Coal Miners Fight Congress To Save Black Lung Benefits
Coal miners successfully pushed congress to extend the coal excise tax that funds the Black Lung Disability Trust Fund to 2021, as the fund is facing financial struggles due to bankruptcies throughout the coal industry.
The coal industry cited the pandemic in pushes to decrease the excise tax on coal, with the National Mining Association lobbying for a 55 percent reduction in the tax rate.
At the end of 2019, congress took action to restore the coal excise tax to $1.10 per ton for underground mines and $0.50 per ton for surface miners for one year after the tax rate was briefly reduced. The tax was included in the fiscal year 2020 government spending bill.
Without congressional action, the tax would have been cut in half, shifting the financial burden onto the government and further risking the fund of insolvency. The tax was extended in the latest federal government spending bill until the end of 2021, when coal miners with black lung will once again have to worry about pushing congress to take action unless they succeed in passing a longer-term solution this year.
“Black lung is a killer, it just destroys all the organs in your body. There’s no cure for it.” said 74 year old Jimmy Moore who worked as a coal miner for 22 years. “I have black lung. My son has complicated black lung. He’s had good friends in the hospital dying on a ventilator because of black lung. I’ve seen young men, 40 to 50 years old on oxygen, with young wives and children left behind.”
Moore’s lung capacity isn’t low enough to qualify for black lung disability benefits, but he applies annually as the disease progresses. He attributes his less advanced case to the fact his mine was unionized, with safety standards and dust mitigating measures enforced by the union. He explained he’s taken a union organizing approach toward fighting for miners suffering from black lung disease, and has participated in five visits to Washington DC over the past few years to push congress to take action to fund and protect the Black Lung Disability trust fund.
“Senator Mitch McConnell is the hold up I think for all of this,” Moore added. “Congress needs to take action. We didn’t deserve to get black lung, it’s the company’s fault and I think the company ought to be responsible for us getting black lung benefits. We really need to get their attention someway or another, but this coronavirus going on right now is really affecting our ability to get around and talk to people.”

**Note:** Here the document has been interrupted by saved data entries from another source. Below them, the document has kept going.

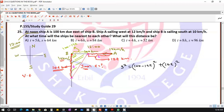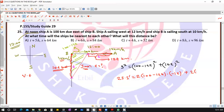Instead of expanding the parentheses first, take the derivative directly using the chain rule. The derivative of s² gives 2s·s′. Applying the power rule and chain rule: 2(100 − 12t)(−12) plus 2(10t)(10). This simplifies to −24(100 − 12t) + 200t.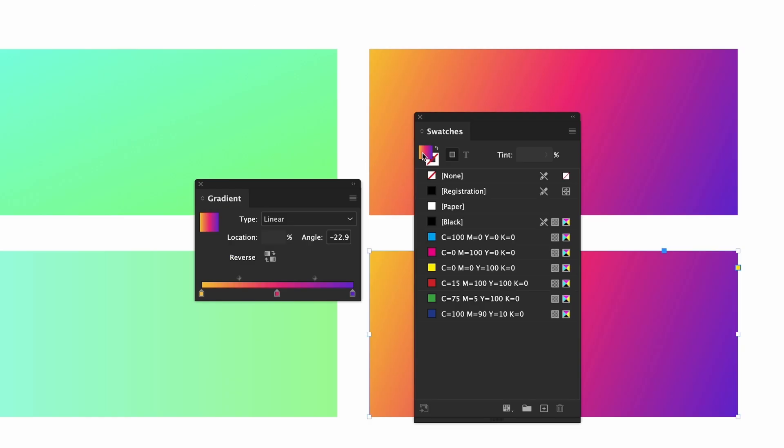Going back to the swatches panel you can add gradients to your swatch list. That is working with color. The next video in this series I will cover the pages panel.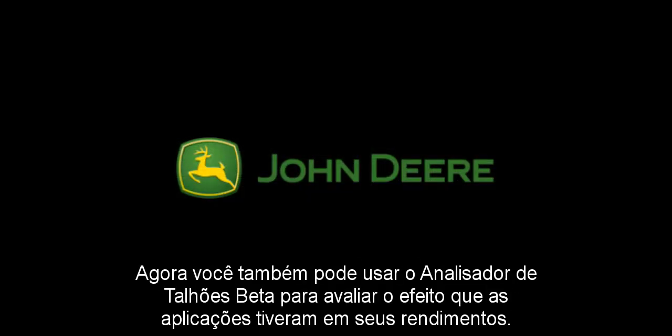Now you too can use Field Analyzer Beta to evaluate the effect that applications had on your yields. Thanks for watching.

The Black Lung Disability Trust Fund was set up in 1977 by the federal government to pay medical and disability payments to miners affected by black lung disease where responsible coal operators are not able to pay. The primary revenue for the fund is an excise tax on coal produced and sold within the United States and currently supports around 25,000 retired coal miners.
“Congress has no idea what coal miners go through. We give up our health to put coal out on the market, to supply electricity. They take our health and when we get older they try to take our benefits too,” said Harold Sturgill of Beckley, West Virginia who worked as a coal miner for 35 years and struggles with black lung disease. “Congress really needs to look at these companies and monitor them because they haven’t put what they’re supposed to into the black lung benefit fund. It seems like they’ve just let these companies do whatever they want to do.”

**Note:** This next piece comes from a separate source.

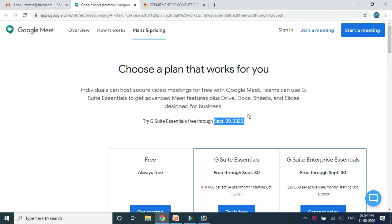We can integrate Google Meet into the Moodle platform. Our official Gmail ID ends with .edu — for example, martin.as@sctpt.edu. If we have an email ID with .edu, Google also provides us the recording facility. We can record our sessions, and the recordings will go to Google Drive. From there, we can download or edit the video sessions and publish them to students — that is another added advantage of having a .edu email ID.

Black lung disease, more formally known as coal workers’ pneumoconiosis, is caused by years of coal mine dust inhalation. Between 1968 to 2014, around 76,000 coal miners are estimated to have died from black lung disease, as cases of black lung disease have risen in recent years, especially in Appalachia among young miners.
The US Government of Accountability Office estimated in January 2020 that $865 million in black lung benefit responsibility has been transferred to the fund due to coal bankruptcies, with the fund currently in debt of around $4 billion to the US Treasury.
“We’ve been working on this for years and we just get a one year extension,” said Vonda Robinson, Vice President of the Black Lung Association of Southwest Virginia. Her organization and others have pushed for the current coal excise tax to be extended for at least ten years. “We shouldn’t have to fight every year to get this done.”
Her husband, John Robinson, worked as a coal miner for nearly 30 years. He was diagnosed with black lung disease around 2013, and it took around six years for him to receive his lifetime black lung benefits, which were initially appealed by the coal company where he worked. Robinson explained it often takes several years for coal miners to receive black lung disability benefits, as the coal corporations delay and fight against awarding benefits.
“There’s a lengthy process of trying to get benefits,” she said. “Some of these miners are in their 70’s and 80’s still fighting for their black lung benefits. The company is hoping these men will die or give up. A lot of men give up, get tired of fighting and that should not be the case for these men or their widows.”
Though John Robinson has been able to obtain his black lung disability benefits, living with the disease is a daily struggle for him. He described it as using a push mower to mow a lawn with a pillow over your face. At 54 years old, his black lung disease has progressed from stage one to stage two in just a few years, leaving him to rely on supplemental oxygen at night and throughout the day.
“We’ve been kicked to the side. We should not have to fight for another year to get our black lung benefits,” said John Robinson. “That should never be something we have to fight for, but we have to fight a year to get it for another year, and go back to fight, it’s repetitive, it shouldn’t be like that. It’s not right. It shouldn’t have to be a fight.”